As discussed in the introduction, current theories of MJO dynamics emphasize the role of three moist processes and associated relationships among specific variables. Thus, biases in the relationships could be important sources of biases in MJO simulation. For example, moisture mode instability theory would suggest that biases in either the saturation fraction or the relationship between precipitation and saturation fraction, or perhaps some combination of both, could be contributing to the excessive precipitation. Similarly, according to the WISHE theory of the MJO, biases in wind speed as well as the dependence of evaporation on wind speed could affect the simulation of MJO. If indeed the moisture–cloud radiative feedback is central to the MJO simulations, biases in moisture as well as the dependence of cloud radiative forcing on moisture would affect the simulation of MJO. While nonlinear and feedback processes are likely to confound the sources of errors in MJO, analysis using a linear statistical model could provide some insight into the direct role of the above-discussed relationships in the fidelity of MJO simulation. In the next section, the representation of these relationships in the models is compared with observations, and the contribution of biases in their representation in the overall model performance is quantified using statistical models.

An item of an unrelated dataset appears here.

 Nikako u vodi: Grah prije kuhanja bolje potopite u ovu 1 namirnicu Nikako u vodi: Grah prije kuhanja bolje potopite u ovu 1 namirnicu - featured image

5. Contributions of process biases
a. The relationship between saturation fraction and precipitation
As discussed in the introduction, moisture mode theory requires a strong relationship between precipitation and saturation fraction. To examine this relationship in the observations, first the precipitation for the 90 days of the observation period are computed from the daily S-PolKa, SMART-R, and TRMM rain-rate time series and are combined with the corresponding saturation fraction values from the forcing data. The joint time series from the three precipitation products over 90 days contains 270 data points. The saturation fractions are then sorted in increasing order and equally partitioned into 15 bins each containing 18 data points. The saturation fraction values from the model simulations are also divided into the bins constructed from the observations, and the average model rain rates are calculated for the corresponding saturation fraction bin. Figure 4 shows the relationship between rain rate and saturation fraction from observations and various simulations. Since rain rate is a strongly increasing function of saturation fraction, the logarithm of rain rate is plotted. The log–linear relationship between saturation fraction and rain rate is apparent in both observations and model simulations. Similar relationships between precipitable water and precipitation have been observed in other contexts as well (e.g., Wentz and Spencer 1998; Peters and Neelin 2006; and references therein). The slopes of the simulated relationships are in general slightly different from the slope of the observed relationship. This is especially true at low saturation fractions where the modeled precipitation is relatively higher than the observations for comparable saturation fractions. Such excessive frequency of weak precipitation is a common deficiency in many global as well as regional model simulations (e.g., Sun et al. 2006; Stephens et al. 2010; Hagos et al. 2014).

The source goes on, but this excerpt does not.